Would you retype the listing below word for word, without any of its pictures?

Segment Start: RECORDED INFORMATION

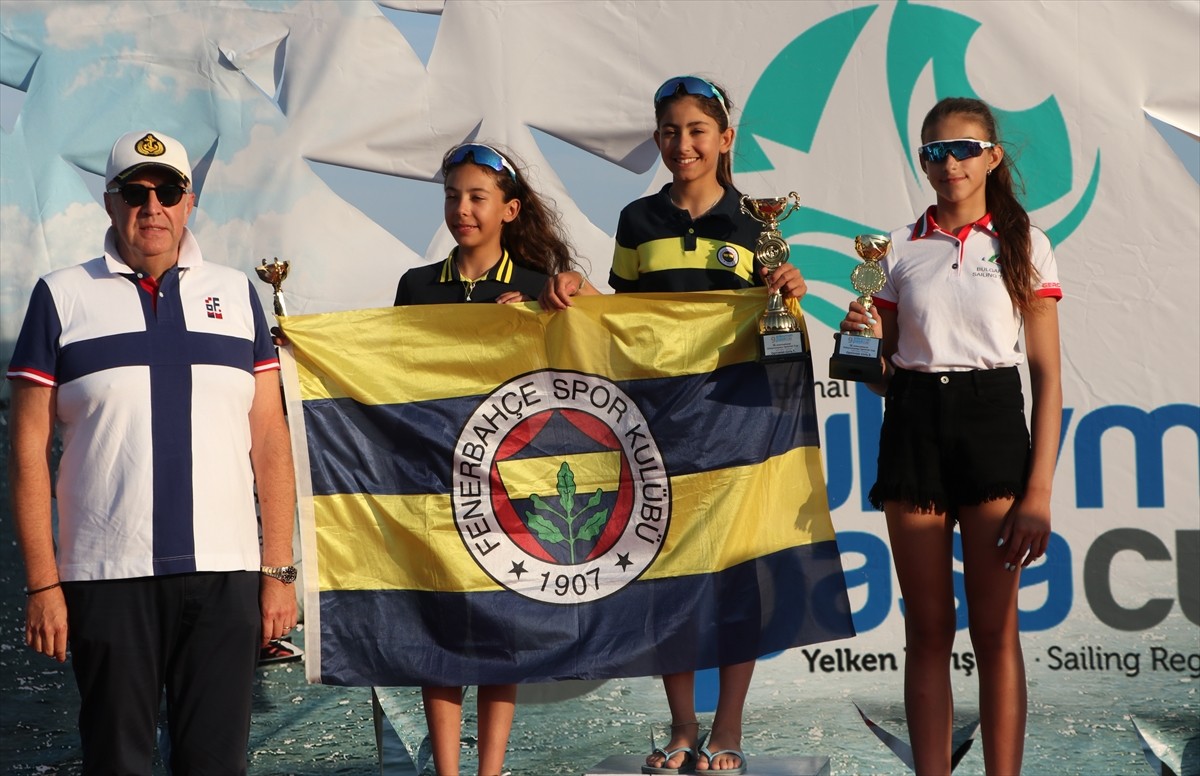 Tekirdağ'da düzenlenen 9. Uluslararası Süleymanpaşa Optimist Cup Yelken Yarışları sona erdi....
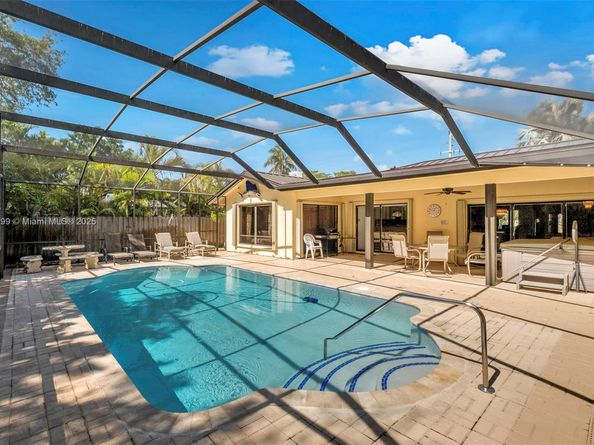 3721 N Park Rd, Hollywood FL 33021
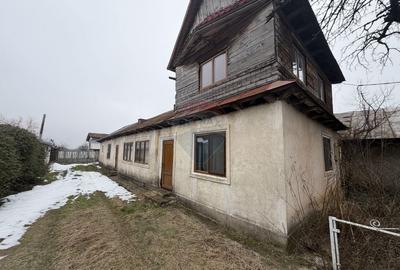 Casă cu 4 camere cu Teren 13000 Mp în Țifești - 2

Segment End: RECORDED INFORMATION

■ ANSWER SECTION:
 Tekirdağ'da düzenlenen 9. Uluslararası Süleymanpaşa Optimist Cup Yelken Yarışları sona erdi....
 3721 N Park Rd, Hollywood FL 33021
 Casă cu 4 camere cu Teren 13000 Mp în Țifești - 2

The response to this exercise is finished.